The whole listing below, with no pictures, is to be repeated as it stands.

Source data:
* * * * * * *
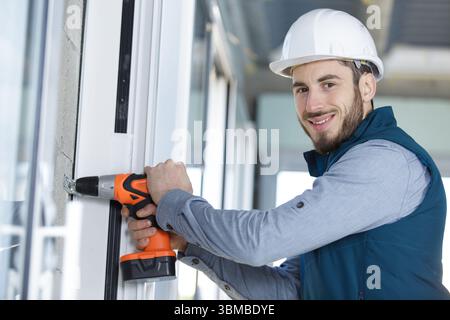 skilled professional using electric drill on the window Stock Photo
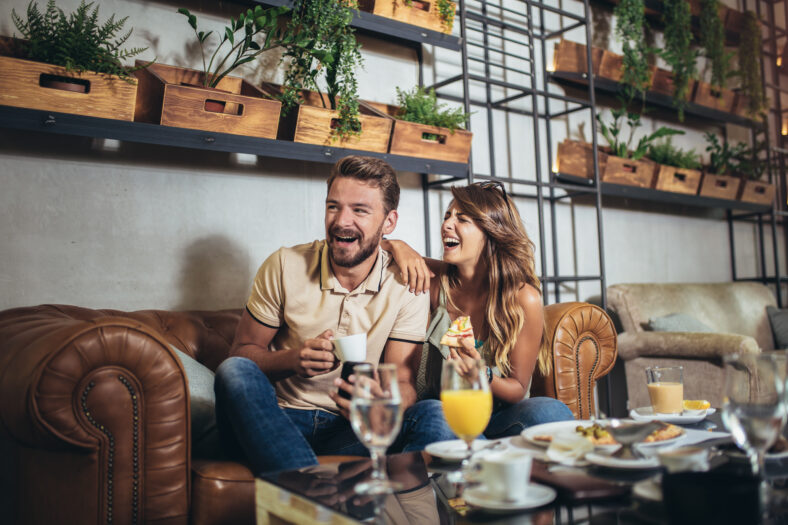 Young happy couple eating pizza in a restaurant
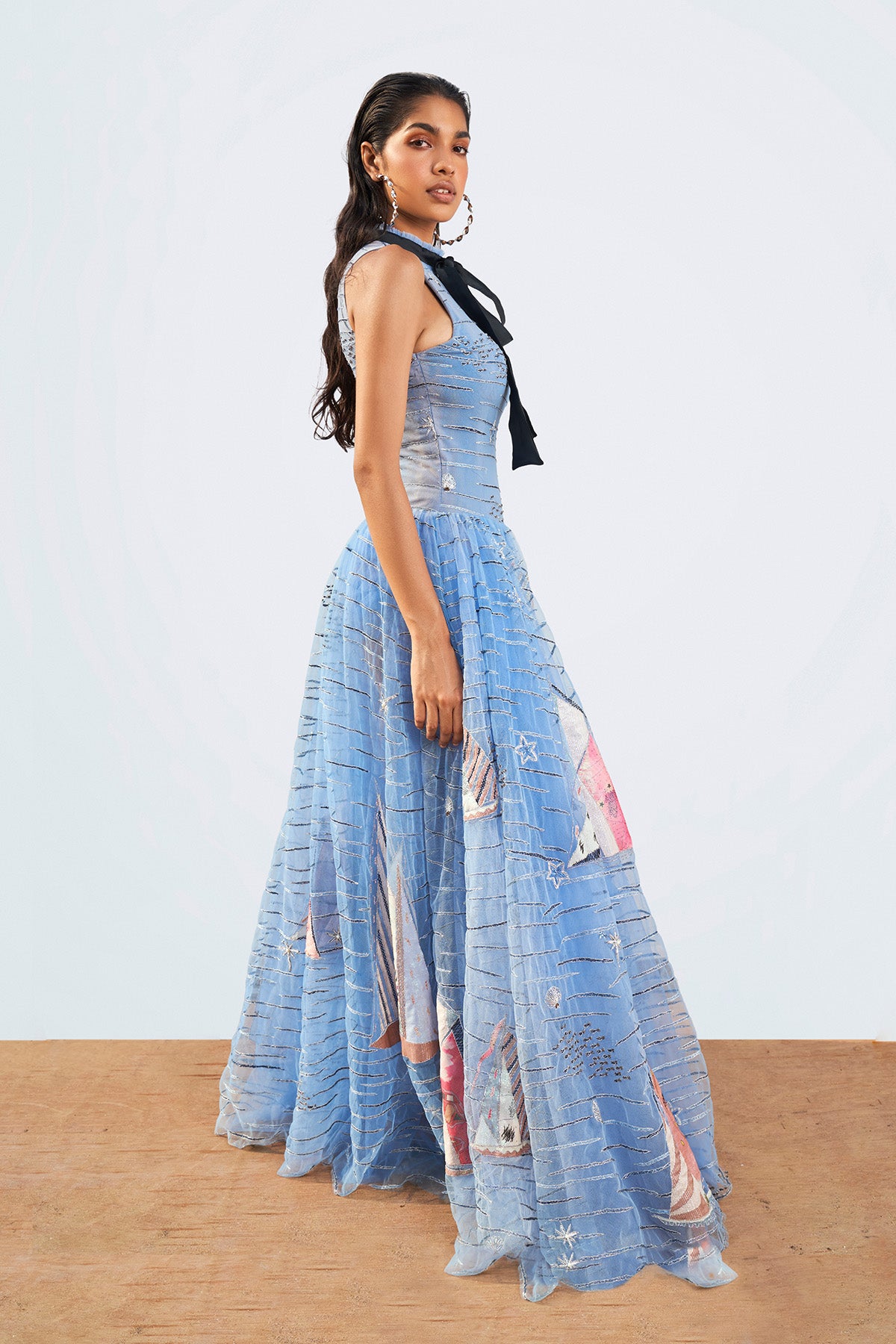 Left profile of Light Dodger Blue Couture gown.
* * * * * * *
Answer area:
 skilled professional using electric drill on the window Stock Photo
 Young happy couple eating pizza in a restaurant
 Left profile of Light Dodger Blue Couture gown.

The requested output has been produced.